=== Begin Enclosure ===
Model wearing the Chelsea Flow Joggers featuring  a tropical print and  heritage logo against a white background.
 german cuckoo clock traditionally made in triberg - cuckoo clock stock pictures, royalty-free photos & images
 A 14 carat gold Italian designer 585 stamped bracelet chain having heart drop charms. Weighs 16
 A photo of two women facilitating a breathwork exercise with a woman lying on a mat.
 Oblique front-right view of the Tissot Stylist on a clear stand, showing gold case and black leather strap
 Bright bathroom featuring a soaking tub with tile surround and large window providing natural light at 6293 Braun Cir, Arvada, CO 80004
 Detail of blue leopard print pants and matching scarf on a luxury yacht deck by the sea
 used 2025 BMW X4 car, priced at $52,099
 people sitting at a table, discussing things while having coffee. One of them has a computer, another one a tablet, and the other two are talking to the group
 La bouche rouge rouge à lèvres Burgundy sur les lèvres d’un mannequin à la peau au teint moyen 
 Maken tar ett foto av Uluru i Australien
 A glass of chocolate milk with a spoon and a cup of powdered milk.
=== End Enclosure ===
**AIM OF THE TASK:** Reproduce, exactly, all the lines shown above.

**EXPECTED ANSWER:**
Model wearing the Chelsea Flow Joggers featuring  a tropical print and  heritage logo against a white background.
 german cuckoo clock traditionally made in triberg - cuckoo clock stock pictures, royalty-free photos & images
 A 14 carat gold Italian designer 585 stamped bracelet chain having heart drop charms. Weighs 16
 A photo of two women facilitating a breathwork exercise with a woman lying on a mat.
 Oblique front-right view of the Tissot Stylist on a clear stand, showing gold case and black leather strap
 Bright bathroom featuring a soaking tub with tile surround and large window providing natural light at 6293 Braun Cir, Arvada, CO 80004
 Detail of blue leopard print pants and matching scarf on a luxury yacht deck by the sea
 used 2025 BMW X4 car, priced at $52,099
 people sitting at a table, discussing things while having coffee. One of them has a computer, another one a tablet, and the other two are talking to the group
 La bouche rouge rouge à lèvres Burgundy sur les lèvres d’un mannequin à la peau au teint moyen 
 Maken tar ett foto av Uluru i Australien
 A glass of chocolate milk with a spoon and a cup of powdered milk.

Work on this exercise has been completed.